A hipertensão portal é definida por uma pressão na veia porta maior ou igual que 5 mmHg. Entretanto, aumentos entre 5 e 9 mmHg são considerados subclínicos, e ele só é considerado significativo quando supera 10 mmHg. É com esses níveis que há aumento de risco de complicações, especialmente formação de varizes esofágicas. Para além desta definição hemodinâmica, a hipertensão portal é o evento comum final de uma série de danos no fígado e na sua vasculatura, gerando diversas consequências negativas para a pessoa.

Como veremos, existem diferentes causas para essa condição, e a cirrose é a principal delas no nosso meio. A cirrose é responsável por 1,5% das mortes anuais (dados norte-americanos), e a maior parte da morbidade da cirrose é mediada pelo aumento da pressão portal. Na Ásia e África, a esquistossomose tem um papel maior, sendo a causa mais frequente de hipertensão portal em alguns paises. Em suma, sua importância se dá pelo aumento do risco de hospitalização, sangramento, transplante hepático e morte.

Nesta nossa postagem, iremos ver aspectos fisiopatológicos, etiológicos, de diagnóstico e manejo desta condição. Outras postagens nossas são relevantes para este tema e você pode encontrá-las aqui:

Patogênese e etiologias

Conforme apresentado esquemáticamente na
Figura 1
, a veia porta é formada da junção da veia mesentérica superior com a veia esplênica. Ela é responsável por cerca de dois terços da nutrição do fígado. Os nutrientes absorvidos do trato digestivo chegam ao sangue da circulação esplâncnica, que é drenado até a veia cava, passa pelos sinusóides hepáticos e é direcionado para as veias hepáticas e, por fim, na veia cava inferior e circulação sistêmica.

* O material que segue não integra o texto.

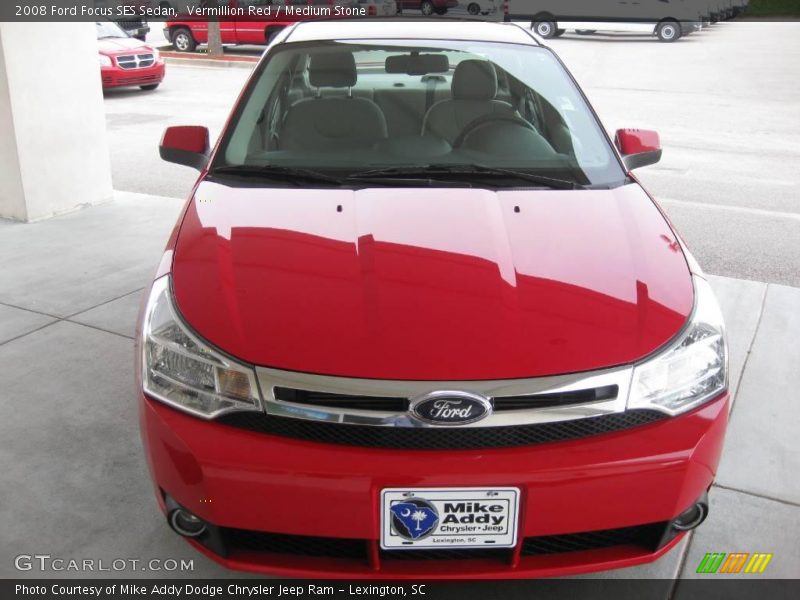 Vermillion Red / Medium Stone 2008 Ford Focus SES Sedan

Neste processo, o fígado executa uma série de eventos metabólicos. Um ponto interessante de ressaltar é que a pressão portal normal é maior que a pressão na veia hepática, o que determina o fluxo do sangue (da veia portal para a hepática). Ou seja, hipertensão portal não envolve a inversão da pressão usual do sistema, mas, sim, um aumento a níveis patológicos.

Figura 1.
Anatomia esquemática, etiologias e consequências da hipertensão portal. Nos quadros à esquerda estão as principais etiologias de hipertensão portal em cada um dos níveis de acometimento - algumas etiologias podem apresentar mais de um local de acometimento. Em vermelho, as consequências do aumento de pressão na veia porta.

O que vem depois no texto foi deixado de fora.